(Pictures with short captions)
== == ==
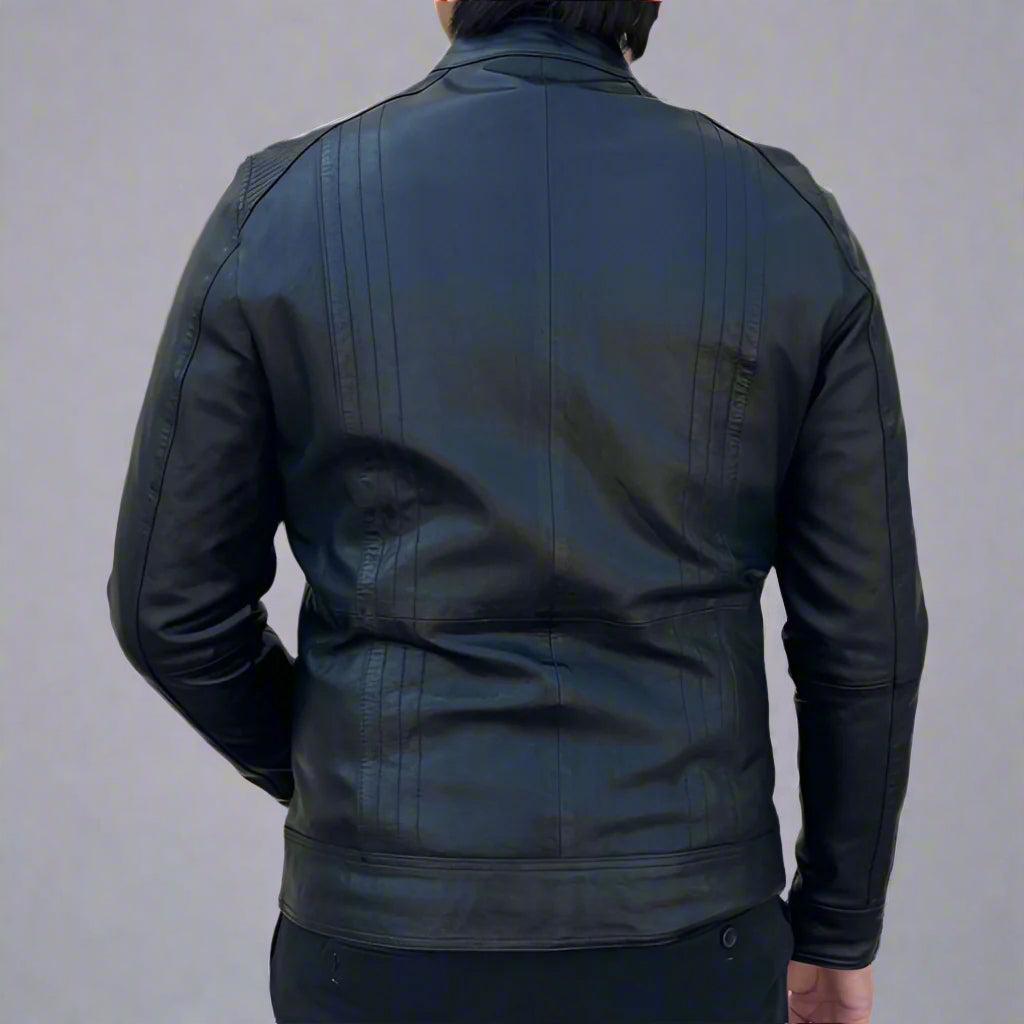 Men’s Sheep Leather Jacket. 4-Pocket, Stand Snap Collar & Silver Zippers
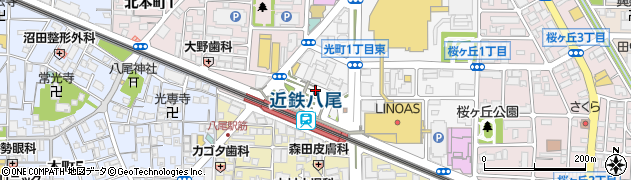 近鉄八尾駅前周辺の地図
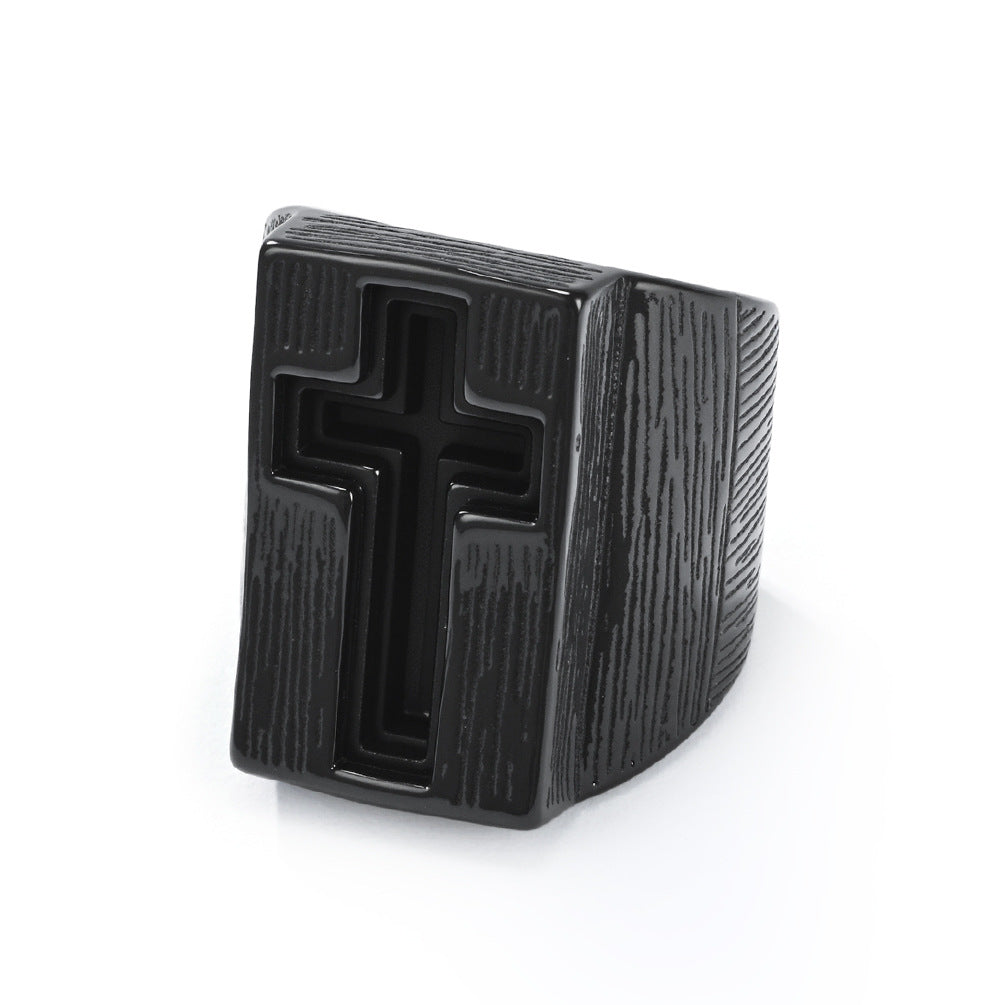 Planderful Cross Titanium Ring For Men Durable Punk Style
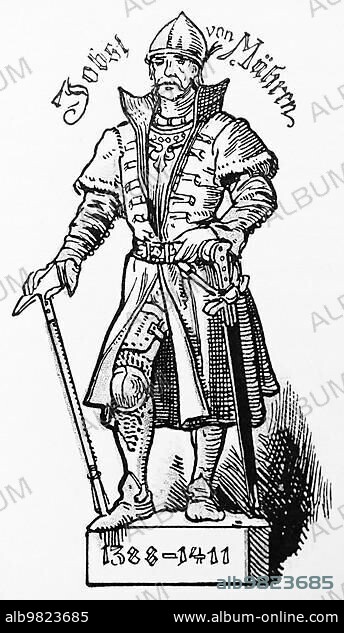 Jobst of Moravia; Governor of the Mark of Brandenburg; 14th century; History of the Hohenzollerns; historical illustration 1899.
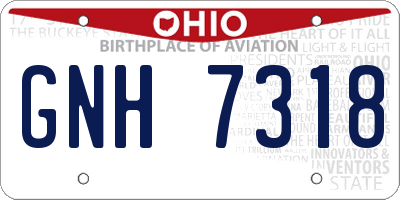 OH license plate GNH7318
== == ==
◆ Assignment
Give the data again exactly as written, with all pictures left out.

◆ Task answer
 Men’s Sheep Leather Jacket. 4-Pocket, Stand Snap Collar & Silver Zippers
 近鉄八尾駅前周辺の地図
 Planderful Cross Titanium Ring For Men Durable Punk Style
 Jobst of Moravia; Governor of the Mark of Brandenburg; 14th century; History of the Hohenzollerns; historical illustration 1899.
 OH license plate GNH7318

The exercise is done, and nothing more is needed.